# Another Acid Stain Job



## kodman1 (Sep 16, 2005)

Another stain job complete.


----------



## Law Dog (Jul 27, 2010)

Looks great, congrats!


----------



## WildThings (Jan 2, 2007)

Man that is nice


----------



## hellzno (Jan 9, 2013)

i like that. Did you do that yourself? Do you do homes?


----------



## kodman1 (Sep 16, 2005)

hellzno,

I did it myself and yes I do homes as well.


----------



## jhaines (Sep 29, 2006)

What's the cost per sq ft?


----------



## kodman1 (Sep 16, 2005)

jhaines,
I just sent you a PM


----------



## RAMROD1 (May 4, 2012)

Do you have a step by step thread for other DIYer?


----------



## Boatflounder (Mar 12, 2007)

RAMROD1 said:


> Do you have a step by step thread for other DIYer?


 what he said?!


----------



## WilliamH (May 21, 2004)

RAMROD1 said:


> Do you have a step by step thread for other DIYer?


X3 but I am more interested in the prep work.


----------



## Reynolds4 (Jan 18, 2010)

WilliamH said:


> X3 but I am more interested in the prep work.


Exactly...my wife wants the stained concrete in our house but I'm hesitant due to the fact of not knowing how the floors will look once we remove the tile and grout. I'm sure there are some cracks due to the constant ground shifting we have in the wonderful gumbo.

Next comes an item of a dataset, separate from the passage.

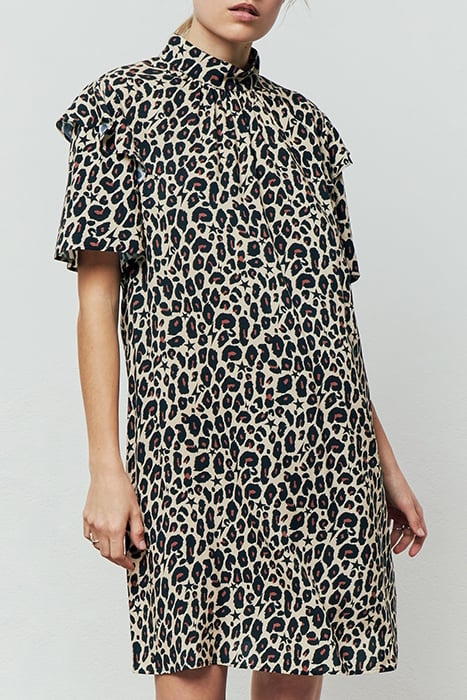 WOMEN'S LEOPARD AND STAR PRINT VISCOSE SHORT DRESS 1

By the way...LOOKS GREAT!!!!


----------



## kodman1 (Sep 16, 2005)

WilliamH & Reynolds4,

I just sent you two a PM.


----------



## Reynolds4 (Jan 18, 2010)

kodman1 said:


> WilliamH & Reynolds4,
> 
> I just sent you two a PM.


Got it...thanks


----------



## RodBender54 (Aug 27, 2010)

Fantastic job! Cheaper than tile I presume?


----------



## rowdyone (Aug 29, 2009)

RodBender54 said:


> Fantastic job! Cheaper than tile I presume?


Good question


----------



## kodman1 (Sep 16, 2005)

If its brand new concrete it is. If there is a lot of prep work or if you have to do an overlay because of unever surfaces from thinset or a lot of cracks, it can be about the same price or even a little more than tile (it also depends on the type of tile you are talking about).


----------



## WTAggie (Sep 22, 2012)

That looks great! Could you send me a PM of how you did it and what you used?


----------



## agonzales1981 (Jun 12, 2008)

Nice!


----------



## younggun55 (Jun 18, 2009)

Whats the price per sqft to do a driveway?


----------